Bielefeld. Die Zeit rennt: Während Hunderte Bielefelder am Samstag über den zugefrorenen Obersee schlittern, probt die Feuerwehr auf dem Johannisbach den Ernstfall. Einsatzleiter Joachim Thies: "Bei der Eisrettung kommt es auf jede Sekunde an, die Überlebenschancen im Wasser sind bei diesen Temperaturen gering." Es geht ums Ganze.
Mit 30 Einsatzkräften ist die Feuerwehr vor Ort. Keine einfache Übung, wie Einsatzleiter Joachim Thies sagt. "Jeden Winter steht die Eisrettung auf dem Programm, eine Herausforderung ist sie aber immer." Die Retter dürfen keine Zeit verlieren, sie wissen nicht, wann genau das Opfer in den Bach eingebrochen war.
Im Wasser kühlt der Körper zwanzig Mal schneller aus als an Land, weiß Thies. Bei nur drei bis vier Minuten liegen die Überlebenschancen im Wasser zur Zeit. "Das ist nicht viel, bis ein Notruf bei uns eingegangen ist, kann schon viel Zeit verloren sein." Den Schutzanzug ziehen sich die Retter Philipp Lemmen und Dennis Streitbürger schon auf der Fahrt zum See an. Thies: "Damit sie vor Ort nur noch angeseilt werden müssen."
Noch trägt das Eis, 30 Zentimeter dick ist es, meint Obersee-Wirt Christian Schulz. Zwar habe er nicht gebohrt, aber bei Temperaturen im zweistelligen Minus-Bereich sei das normal. Wer auf die etwa 20 Hektar große Fläche will, für den bestehe keine Gefahr. Schulz: "Beruhigend ist es aber trotzdem, dass die Feuerwehr für den Notfall gerüstet ist."

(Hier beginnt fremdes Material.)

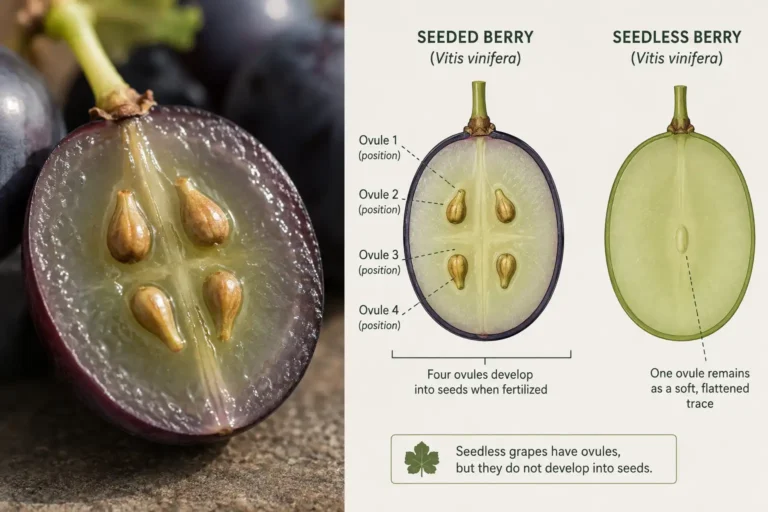 A grape berry holds one to four hard seeds formed from four ovules in the flower, while a seedless grape holds only a soft, edible seed trace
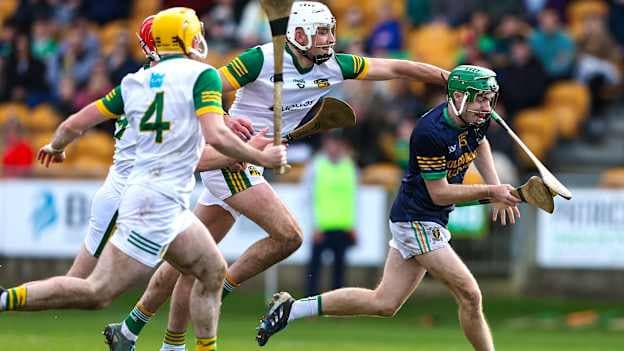 Adam Screeney, Kilcormac-Killoughey, and Ross Ravenhill, Ballinamere, in action during the Offaly SHC Final. Photo by Michael P Ryan/Sportsfile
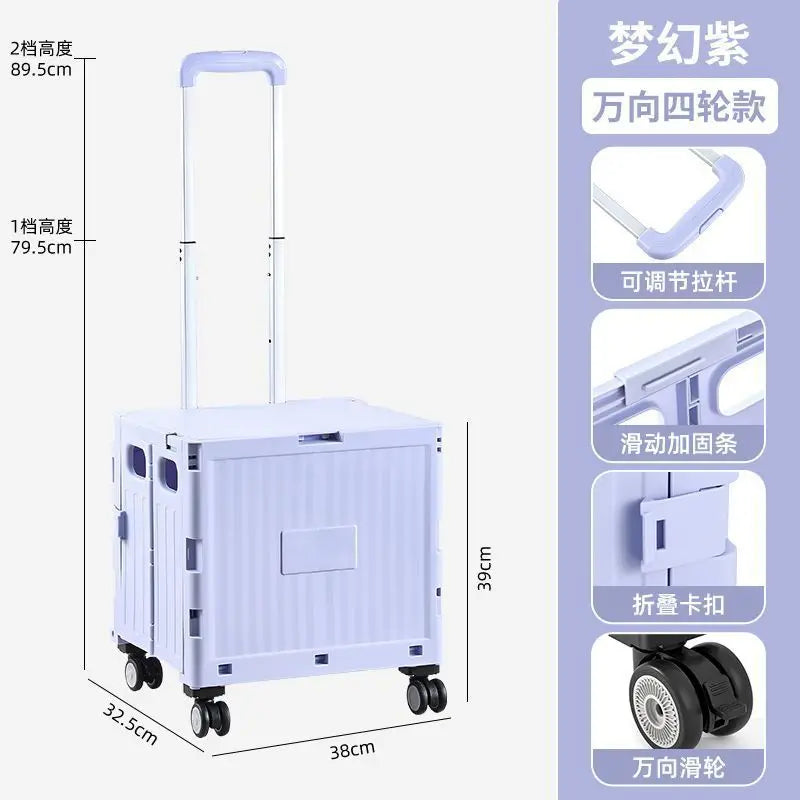 Foldable Outdoor op Cart with Pull Rod Vegetable Bung Small Pusart Multi-Functional Home Use Cam Cart Zpaxo SKY BLUE-48L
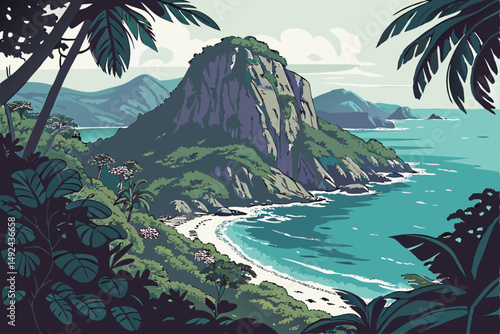 142 dramatic rocky island in turquoise ocean, lush foliage, tropical landscape, dramatic lighting, highly detailed, cinematic, photorealistic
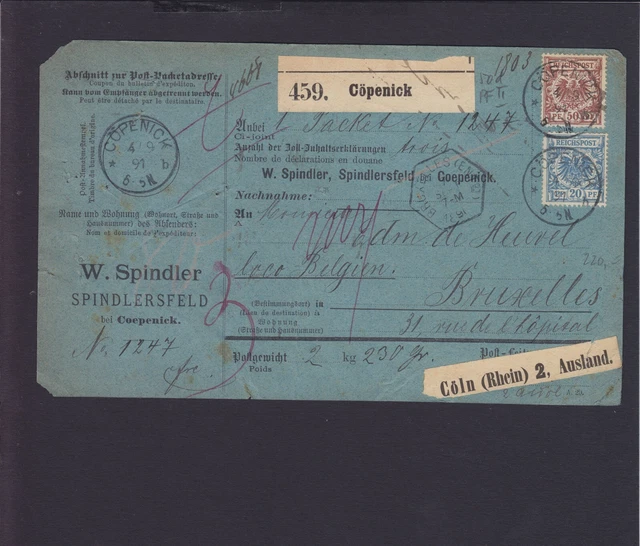 DR Krone/Adler Mi.-Nr. 47b+48b+50IId Paketkarte Cöpenick nach Brüssel gepr. BPP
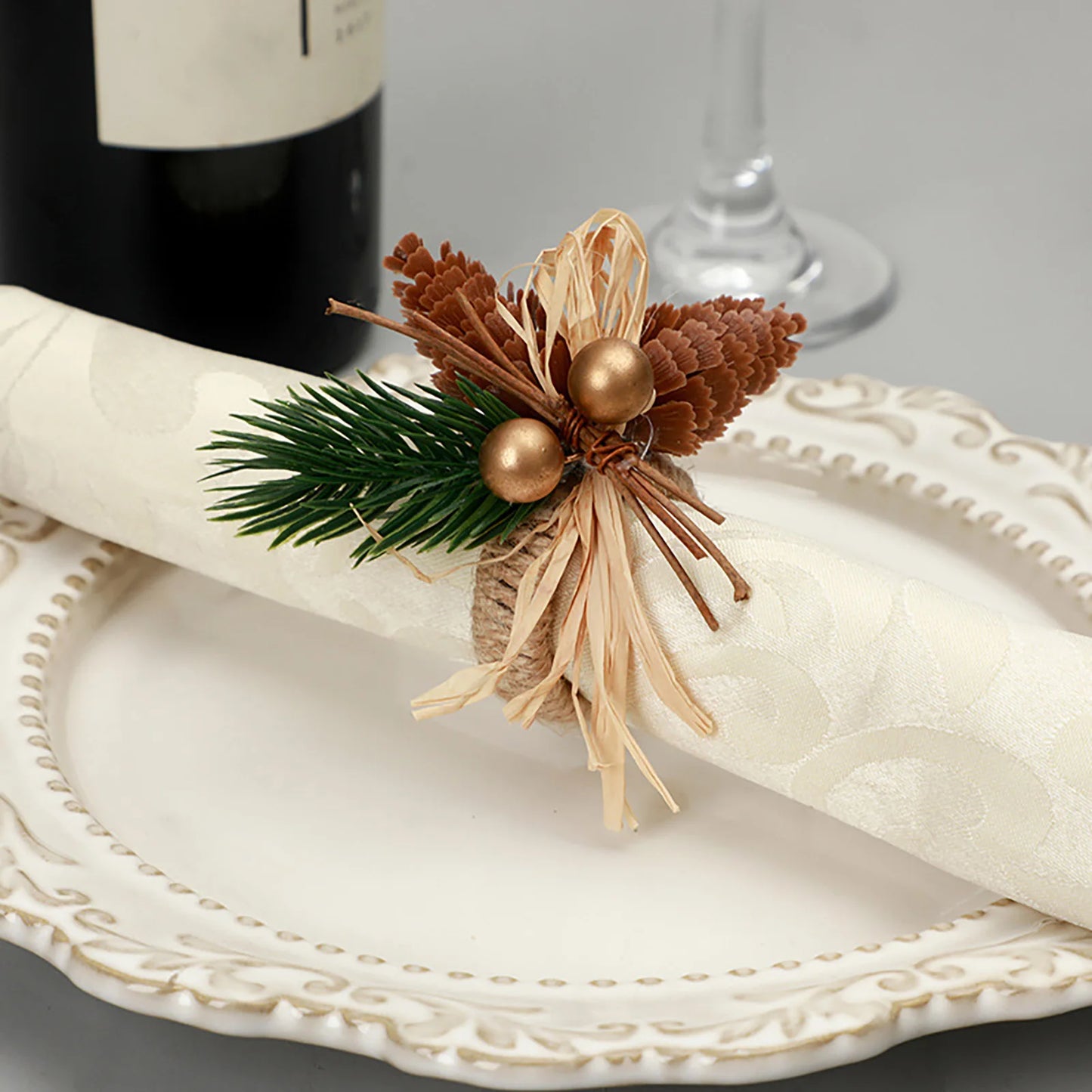 Napkin Rings- Christmas Holly Berries & Pinecones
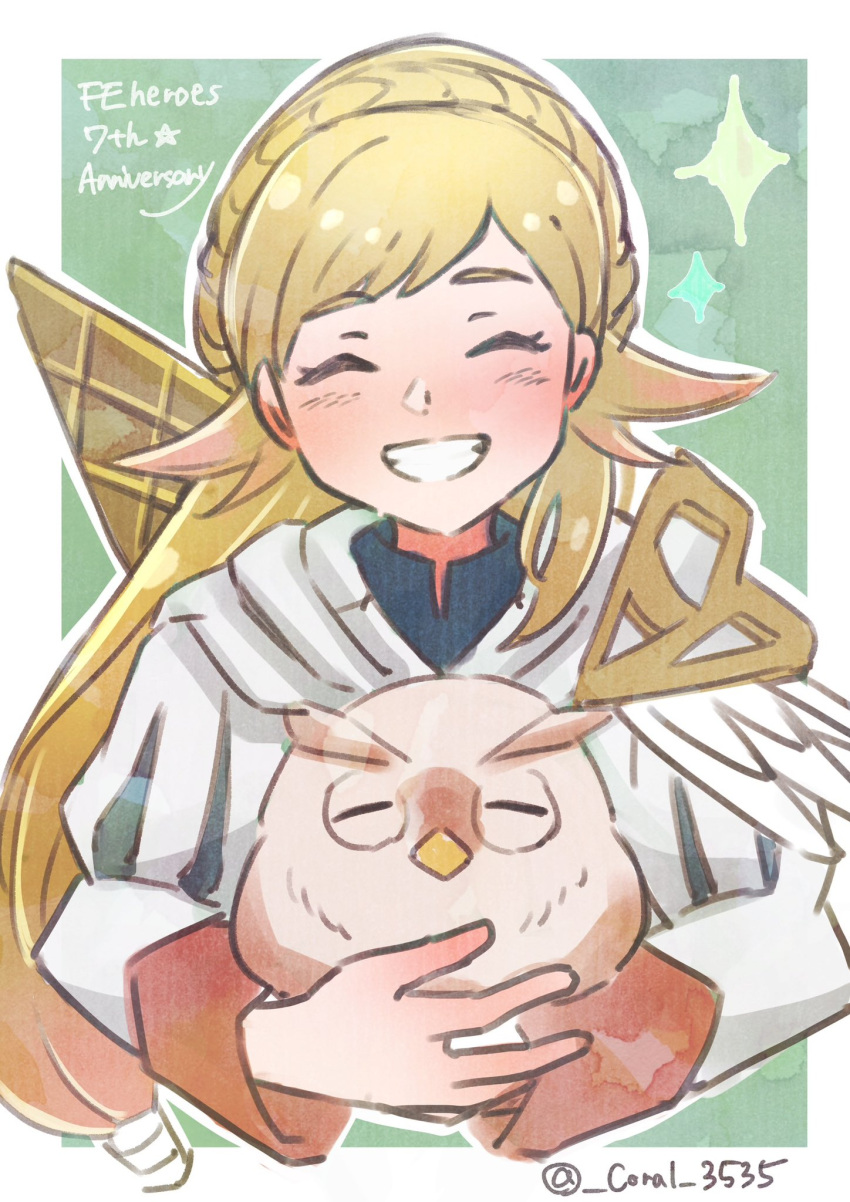 2girls animal bird blonde_hair braid closed_eyes coral_3535 crown_braid facing_viewer feather_trim feh_(fire_emblem_heroes) fire_emblem fire_emblem_heroes highres holding holding_animal holding_bird multiple_girls owl sharena_(fire_emblem)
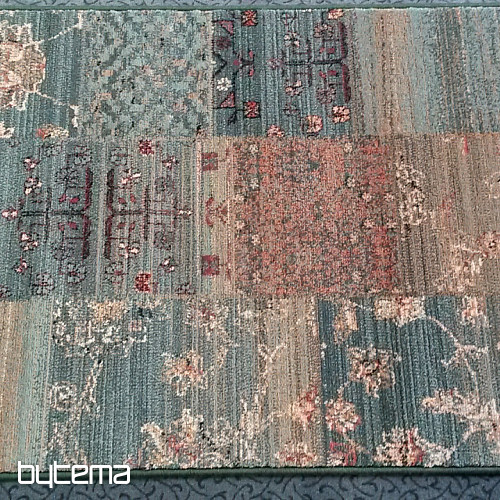 Lussuoso tappeto da corsa in lana ROYAL PATCHWORK verde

2.000 Menschen tummelten sich am Wochenende auf dem See. Wird es in den nächsten Tagen, wie vom Deutschen Wetterdienst vorhergesagt, wärmer, dürften sich die Schlittschuhläufer allerdings auf dünnem Eis bewegen: Es droht, zu brechen.
Joachim Thies von der Feuerwehr hofft, dass er dann nicht ausrücken muss. "Wir sind zwar vorbereitet, haben von Herbst bis März einen Rettungs-Schlitten dabei, aber auch für unsere Leute ist eine Eisrettung gefährlich." Wie Lemmen und Streitbürger müssen sich die Rettungskräfte mit einem Schlitten zum Opfer vortasten. Dann geht es auch für sie ins kalte Wasser.
Gefährlich ist die glatte Fläche aber auch so: Zweimal musste in der vergangenen Woche der Rettungshubschrauber am Obersee landen, Schlittschuhläufer hatten sich die Knochen gebrochen.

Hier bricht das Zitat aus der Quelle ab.